File system still dirty

korovamilk · Oct 26, 2016

Hi there,
one of our FreeBSD system fails to boot with following errors:

Code:

(da0:mps0:0:1:0): READ(10). CDB: 28 0 52 47 5f df 0 0 80 0
(da0:mps0:0:1:0): CAM status: SCSI Status Error
(da0:mps0:0:1:0): SCSI status: Check Condition
(da0:mps0:0:1:0): SCSI sense: MEDIUM ERROR info?:c0010000 asc:0;0 (No additional sense information)

/dev/da0s1f: CANNOT READ BLK: 1300717472
/dev/da0s1f: UNEXPECTED SOFT UPDATE INCONSISTENCY: RUN fsck MANUALLY.

after rebooting the system in single user mode, we launched

Code:

fsck -y /dev/da0s1f

result was:

Code:

(da0:mps0:0:1:0): READ(10). CDB: 28 00 52 47 60 31 00 00 01 00
(da0:mps0:0:1:0): CAM status: SCSI Status Error
(da0:mps0:0:1:0): SCSI status: Check Condition
(da0:mps0:0:1:0): SCSI sense: MEDIUM ERROR asc:ffffffff,ffffffff (Reserved ASC/ASCQ pair)
(da0:mps0:0:1:0): Retrying command (per sense data)
(da0:mps0:0:1:0): Error 5, Retries exhausted

THE FOLLOWING DISK SECTORS COULD NOT BE READ: 1300717554

FILE SYSTEM STILL DIRTY
PLEASE RERUN FSCK

And so did we, with no luck.

The slice /dev/da0s1f (/usr) is on a "Dell Virtual Disk 1028" (2 disks in RAID1), Dell SAS2008 Raid Controller.
Please note that the RAID status is marked as "optimal" on SAS Utility.

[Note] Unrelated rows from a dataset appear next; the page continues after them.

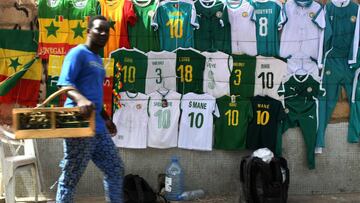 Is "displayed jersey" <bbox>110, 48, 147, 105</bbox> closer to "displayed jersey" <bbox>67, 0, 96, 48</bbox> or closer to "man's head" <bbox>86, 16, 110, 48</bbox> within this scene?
"displayed jersey" <bbox>67, 0, 96, 48</bbox>

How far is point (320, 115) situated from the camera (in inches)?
229

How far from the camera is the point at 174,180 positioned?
5.67m

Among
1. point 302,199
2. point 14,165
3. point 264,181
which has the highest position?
point 14,165

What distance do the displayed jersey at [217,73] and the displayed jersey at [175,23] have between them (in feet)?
0.96

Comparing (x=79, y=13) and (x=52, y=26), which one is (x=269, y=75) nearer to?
(x=79, y=13)

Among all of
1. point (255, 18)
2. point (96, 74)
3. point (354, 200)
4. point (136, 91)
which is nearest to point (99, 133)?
point (96, 74)

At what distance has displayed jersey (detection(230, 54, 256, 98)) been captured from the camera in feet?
18.8

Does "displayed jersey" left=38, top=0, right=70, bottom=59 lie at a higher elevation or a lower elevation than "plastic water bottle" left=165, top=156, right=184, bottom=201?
higher

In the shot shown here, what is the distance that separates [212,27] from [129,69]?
41.2 inches

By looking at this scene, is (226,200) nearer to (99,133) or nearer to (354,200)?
(354,200)

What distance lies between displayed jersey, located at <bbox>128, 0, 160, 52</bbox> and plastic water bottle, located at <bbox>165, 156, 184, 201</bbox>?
4.34 feet

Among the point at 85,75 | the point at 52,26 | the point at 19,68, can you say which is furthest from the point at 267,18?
the point at 19,68

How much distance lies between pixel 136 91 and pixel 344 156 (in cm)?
254

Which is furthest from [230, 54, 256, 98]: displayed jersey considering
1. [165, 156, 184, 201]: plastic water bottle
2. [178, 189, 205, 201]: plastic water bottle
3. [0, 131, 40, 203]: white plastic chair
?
[0, 131, 40, 203]: white plastic chair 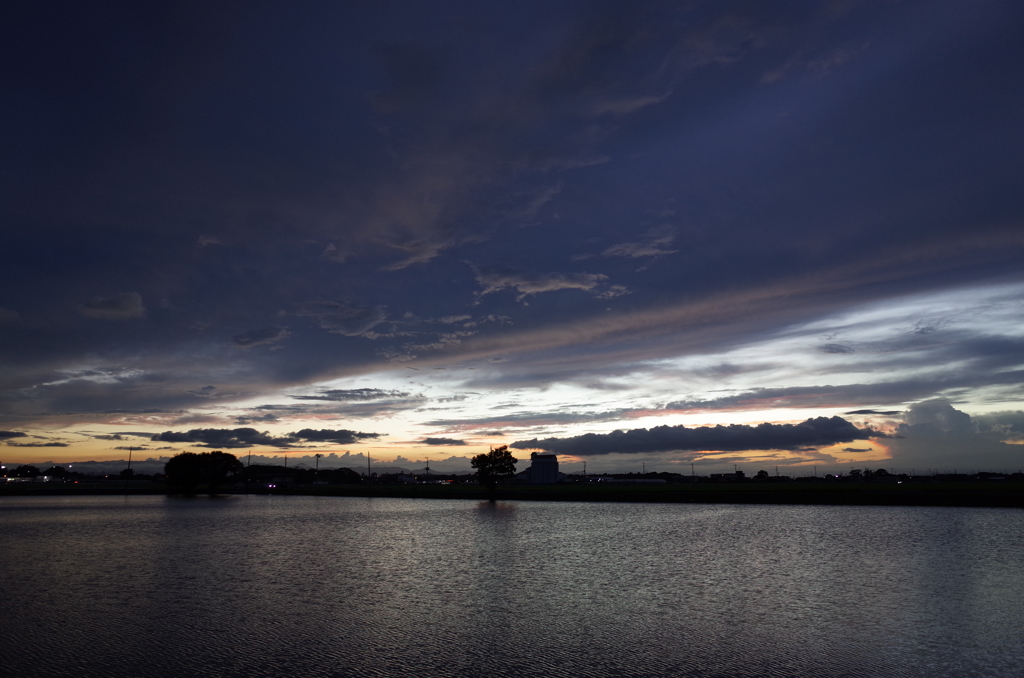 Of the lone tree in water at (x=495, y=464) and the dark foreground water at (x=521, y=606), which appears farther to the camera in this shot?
the lone tree in water at (x=495, y=464)

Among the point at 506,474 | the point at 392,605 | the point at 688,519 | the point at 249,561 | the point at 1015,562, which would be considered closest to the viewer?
the point at 392,605

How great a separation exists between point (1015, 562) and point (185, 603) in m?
56.0

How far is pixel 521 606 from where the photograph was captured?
33.2 meters

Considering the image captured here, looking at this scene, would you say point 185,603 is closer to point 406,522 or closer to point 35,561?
point 35,561

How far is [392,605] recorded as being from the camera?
3403 centimetres

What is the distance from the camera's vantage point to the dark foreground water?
2358cm

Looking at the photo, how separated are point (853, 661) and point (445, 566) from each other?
31.3 meters

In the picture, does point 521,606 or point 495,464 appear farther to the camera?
point 495,464

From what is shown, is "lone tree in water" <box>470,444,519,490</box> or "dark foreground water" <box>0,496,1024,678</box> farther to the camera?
"lone tree in water" <box>470,444,519,490</box>

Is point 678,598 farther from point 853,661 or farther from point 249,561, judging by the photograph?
point 249,561

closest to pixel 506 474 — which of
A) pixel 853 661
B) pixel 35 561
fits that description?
pixel 35 561

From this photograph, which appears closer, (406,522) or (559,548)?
(559,548)

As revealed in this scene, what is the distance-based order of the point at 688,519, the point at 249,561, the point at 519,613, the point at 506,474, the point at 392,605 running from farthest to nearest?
the point at 506,474 < the point at 688,519 < the point at 249,561 < the point at 392,605 < the point at 519,613

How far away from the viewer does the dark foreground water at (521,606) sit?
23578mm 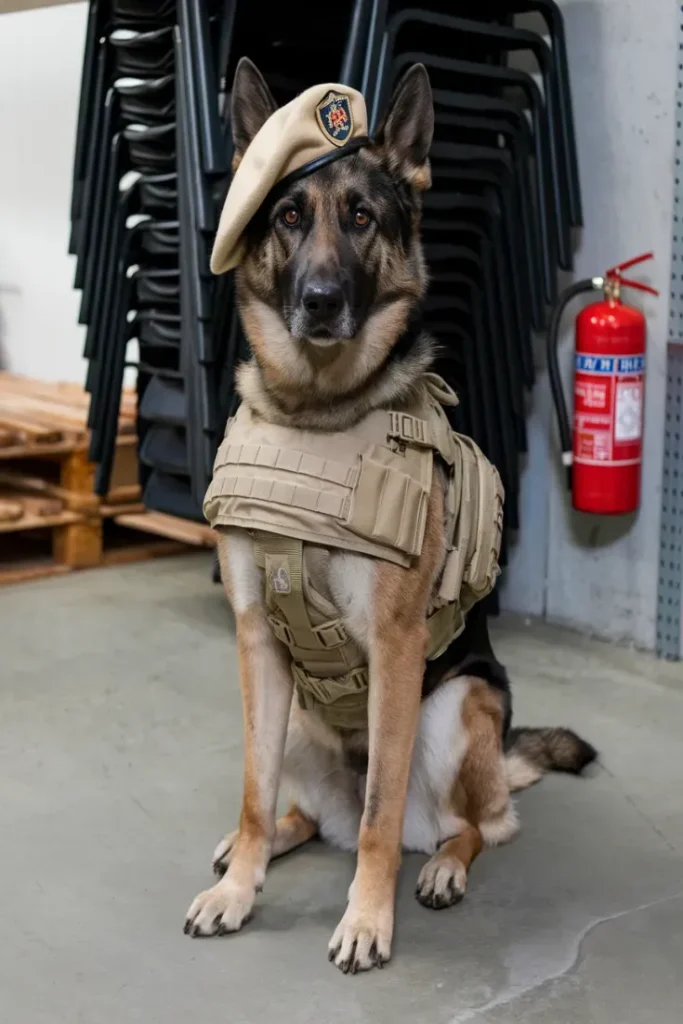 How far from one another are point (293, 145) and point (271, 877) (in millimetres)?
1334

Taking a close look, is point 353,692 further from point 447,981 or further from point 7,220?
point 7,220

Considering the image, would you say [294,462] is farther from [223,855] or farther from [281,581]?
[223,855]

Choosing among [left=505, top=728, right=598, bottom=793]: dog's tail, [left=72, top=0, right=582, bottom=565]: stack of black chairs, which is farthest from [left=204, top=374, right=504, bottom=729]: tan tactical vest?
[left=72, top=0, right=582, bottom=565]: stack of black chairs

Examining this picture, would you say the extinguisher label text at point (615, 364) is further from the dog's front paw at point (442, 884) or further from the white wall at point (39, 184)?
the white wall at point (39, 184)

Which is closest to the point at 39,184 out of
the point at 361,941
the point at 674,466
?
the point at 674,466

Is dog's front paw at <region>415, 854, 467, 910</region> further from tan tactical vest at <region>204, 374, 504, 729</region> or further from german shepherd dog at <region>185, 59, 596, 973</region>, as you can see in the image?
tan tactical vest at <region>204, 374, 504, 729</region>

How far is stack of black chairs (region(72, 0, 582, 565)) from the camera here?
306 centimetres

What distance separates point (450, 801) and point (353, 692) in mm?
323

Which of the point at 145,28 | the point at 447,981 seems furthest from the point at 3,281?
the point at 447,981

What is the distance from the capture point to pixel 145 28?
11.1 ft

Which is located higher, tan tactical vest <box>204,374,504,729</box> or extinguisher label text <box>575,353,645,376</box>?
extinguisher label text <box>575,353,645,376</box>

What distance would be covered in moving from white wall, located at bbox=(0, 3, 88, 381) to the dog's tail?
3.55 meters

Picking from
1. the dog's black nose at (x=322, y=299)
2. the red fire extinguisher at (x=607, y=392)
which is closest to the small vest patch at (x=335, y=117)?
the dog's black nose at (x=322, y=299)

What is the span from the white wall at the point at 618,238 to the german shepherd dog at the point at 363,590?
1472 mm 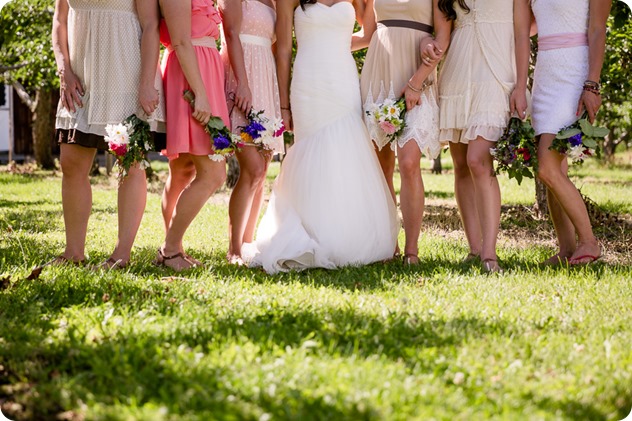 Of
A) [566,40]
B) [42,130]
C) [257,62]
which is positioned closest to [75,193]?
[257,62]

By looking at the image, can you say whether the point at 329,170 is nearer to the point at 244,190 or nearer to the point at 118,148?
the point at 244,190

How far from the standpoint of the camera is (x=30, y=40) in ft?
47.8

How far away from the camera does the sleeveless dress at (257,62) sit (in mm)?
5613

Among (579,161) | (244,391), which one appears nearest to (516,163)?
(579,161)

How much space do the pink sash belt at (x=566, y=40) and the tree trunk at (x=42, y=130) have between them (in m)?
14.7

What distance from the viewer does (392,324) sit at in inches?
147

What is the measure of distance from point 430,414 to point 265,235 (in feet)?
10.3

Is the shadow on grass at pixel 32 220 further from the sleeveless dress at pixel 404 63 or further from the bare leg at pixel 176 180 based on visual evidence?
the sleeveless dress at pixel 404 63

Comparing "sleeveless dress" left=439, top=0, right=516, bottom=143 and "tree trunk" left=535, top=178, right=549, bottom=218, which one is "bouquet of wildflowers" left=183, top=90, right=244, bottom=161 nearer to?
"sleeveless dress" left=439, top=0, right=516, bottom=143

We called the IT guy on site and made him pull out one drive, then we booted the system in single user mode and launched fsck again but no luck. Then I made the IT guy pull out the drive and insert the other one: same story (and same sectors).

We also cold booted the system and performed various fsck, also from live cd, always without luck.

Can someone please point us to the right directions to make the server run again?

Thanks in advance

Uniballer · Oct 26, 2016

korovamilk said:
Can someone please point us to the right directions to make the server run again?

The classic solution in these cases, and the only one guaranteed to work, is to fix or replace the failing disk subsystem hardware, then restore from a recent backup.

korovamilk · Oct 27, 2016

Uniballer said:
The classic solution in these cases, and the only one guaranteed to work, is to fix or replace the failing disk subsystem hardware, then restore from a recent backup.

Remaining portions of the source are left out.